Eight weeks after the implantation (reconstruction) surgery, the right knee with the fibrin molded body had a medial collateral ligament-like repaired tissue (Fig. 5), but the left knee with only the ligament removed had a ligamentous appearance. There was no organization.
In the HE staining of the above ligament-like tissue (Fig. 6, left), there are many cells with spindle-shaped nuclei that appear to be fibroblasts in the fibrous tissue that has a running property in the long axis direction. Staining (FIG. 6, right) contained abundant collagen fibers regularly arranged in the long axis direction.
In addition, in the decalcified specimen at the boundary between the fibrin molded body and the embedded bone hole and the fibrin molded body, the boundary between the ligament and the bone has a similar image to the ligament-bone transition (direct insertion) found in normal tissue. It was present (Fig. 7).

Example 4
One half of the central part of both knee patellar ligaments of five Japanese white rabbits was excised, and a fibrin molded body prepared from rabbit allogeneic blood was transplanted only to the right knee, while the left knee was left excised.
The patella ligaments of both knees were removed 12 weeks after the implantation operation. The thickness of the central part of the repaired tissue seen in the part where the tendon was excised was 2.1 mm on the right knee transplanted with the fibrin molded body on average and 1.5 mm on average on the left knee. Using a Shimadzu mechanical tensile tester EZ-TEST, a rupture strength test of the patella tendon taken out at a crosshead speed of 10 mm / min was performed. The rupture strength of the right patellar ligament grafted with the fibrin molded body was stronger.

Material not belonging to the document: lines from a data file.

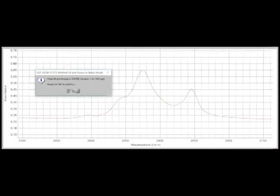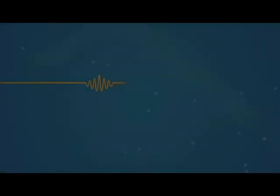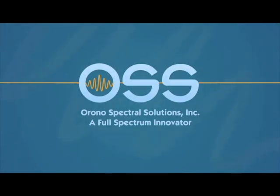No calculations necessary. Orono Spectral Solutions' ClearShot technology eliminates the drawbacks found in other methods by providing a low-cost, solvent-free, accurate, and green way to perform oil and grease analysis with a fast and scalable processing rate of several bottles per hour when analyzed in triplicate. To receive your quote for the complete oil and grease and water package, as well as OSS's other applications for the patented ClearShot and ClearSampler technologies, visit our website.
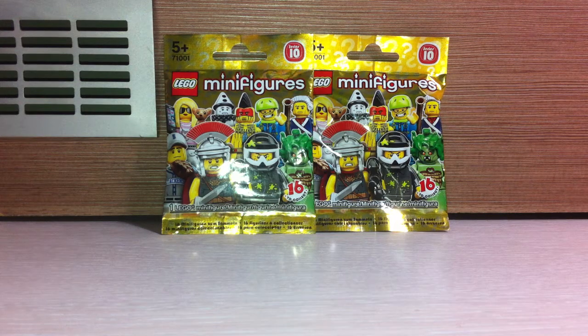Hey, what's going on guys, Roby Gassir here and welcome to another LEGO minifigure opening. Today I have Series 10 — I went to the mall and picked a couple of those and one more set.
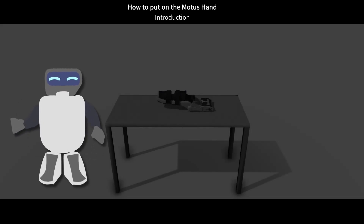Hello, it's MoBot, here to teach you how to put on the Modus hand. We are now going to go through a series of videos showing you how to put on the Modus hand. I will give you step-by-step instructions, so please follow them closely.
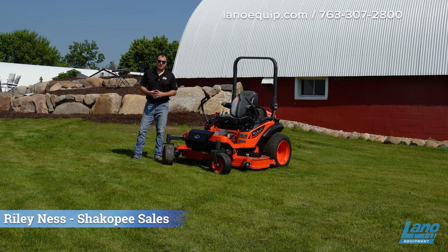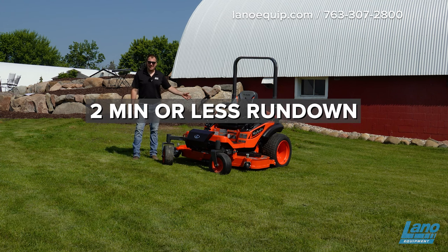Good morning, this is Riley with Lano Equipment in Shakopee, and today we're going to introduce and show you the Kubota ZD-1211.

It is a figure which shows the state which added the suspension liquid to the tube. It is a figure which shows the state which gelatinized after stationary. It is a figure which shows the taken-out fibrin molded object. It is a figure which shows the fibrin molded object after a pressurization. It is a figure which shows the state 8 weeks after a transplant. It is a figure which shows the HE stained tissue (left) and Sirius red staining (right) 8 weeks after transplantation. It is a figure which shows the HE dyeing | staining structure | tissue 3 weeks after a transplant.

Claims (5)

High-strength fibrin molding obtained by allowing a suspension containing plasma components, platelets and calcium ions concentrated 2-3 times to stand for 3 to 24 hours to solidify and then wash the resulting molded body In the solidification stage, the suspension contains platelets in an amount equivalent to 5 times the amount of blood used as a plasma raw material, from 1/10 the normal platelet concentration to the platelets. The final concentration of calcium ions is 20 to 30 mM , and the washing is performed with an aqueous solution containing 10 to 30 mM calcium ions while applying a load of 1.3 to 3.3 kPa to the obtained molded body. High strength fibrin molded body.   The high-strength fibrin molded article according to claim 1, wherein the standing is performed at 4 to 40 ° C.   The high-strength fibrin molded body according to claim 1 or 2, wherein solidification molding by standing is performed by solidifying in a predetermined container.   The high-strength fibrin molded article according to any one of claims 1 to 3, which has a breaking strength of 0.5 MPa or more.   An artificial ligament containing the high-strength fibrin molded article according to any one of claims 1 to 4.